Managing a work-life balance may seem difficult at times in your life, and even more of a concern if you are considering going back to school. It is important to consider all aspects and priorities in your life when you are making a decision of whether to start a DBA program, or when to start a DBA program.
Frances Ellington, DBA Graduate 2018
When I started my DBA program in November of 2015, the timing was right for me. I was in a role at a private company, and to be honest, I was bored. I needed a new challenge, and the Grenoble DBA was the perfect opportunity. I am based in Los Angeles, and Grenoble had a partnership with a school in the greater Los Angeles area, where I could attend DBA coursework with minimal impact to my full-time job.
The first workshop of the program was in Grenoble and that was the first time I met all of my DBA cohort members, and some of the Geneva cohort as well. I am a worldwide traveler and have spent time working abroad, so the chance to attend sessions in Grenoble and get to know everyone that was part of the program was very exciting. Each person demonstrated a different background, experience, and passion for research from ideas related to nonprofits in Africa to intriguing economic theories to state tax (that’s me!).

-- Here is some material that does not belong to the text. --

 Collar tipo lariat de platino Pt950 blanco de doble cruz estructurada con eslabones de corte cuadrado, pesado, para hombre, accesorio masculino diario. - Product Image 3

After the initial workshop, my cohort and I periodically met in Los Angeles to attend future workshops all of which were taught by talented professors and many flew in from Grenoble to teach us. I was assigned a supervisor for my research locally, which was convenient and we met about once every month. I decided to move forward with a classical thesis, which is essentially a detailed paper about your research question. I spent time in my second and third year digging into my research and finalizing my dissertation. My advisors would probably say that I flew through my research, but it was very interesting to me, so I just blocked out time each week to focus on my writing and research. I set goals to write a certain number of pages or words each week.
At the end of my second year, I defended my preliminary thesis in Grenoble. With the help of my supervisor, reviewers, and colleagues, I was successful! Then, I traveled around Europe for about three weeks as my reward to myself. My then boyfriend surprised me on that trip, and now we are engaged! He has truly been the best support I can imagine throughout my doctoral journey. He often volunteered to cook dinner or run errands for me, which I really appreciate.
About six months later, I submitted the final version of my thesis. In June of 2018, I traveled to France with my mother (who is also a professor) to defend stage two of my DBA. I prepared for the defense with my supervisor and with comments from my reviewers. Within a couple of hours of my defense, I was taking pictures in my doctoral cap and gown! It was so fitting to have the degree awarded with my DBA program leaders and mother in attendance.
In my current role at a public accounting firm, the partners are incredibly supportive, and even threw a surprise party for me after I was awarded my degree. One item that I failed to mention is that I have been teaching since 2016 for the University of North Carolina at Chapel Hill (UNC) in their graduate business programs. With the support of my accounting firm and the faculty at UNC, I was able to get the feedback and opportunities I needed to excel in the DBA program. Managing work, school, and family is hard and sometimes complicated, but the end result of a successful DBA is an amazing and worthwhile experience!
Three key pieces of advice:
Get feedback from your family and friends about the expectations of the program and how your priorities may change before you start the DBA. Then, set goals and research commitment dates for yourself based on your priorities throughout the year. This will help you manage your school schedule with your other commitments.
Make sure you pick a research topic that is interesting to you because the research will span over multiple years and you need to be prepared to dive in to the information about your subject. You want to avoid getting tired of doing research or burnt out on a specific topic.
If you are working while attending school, make sure you are in a role where your colleagues are supportive because you will have occasional Fridays where you need to attend class, and other times of the year when your research is a priority.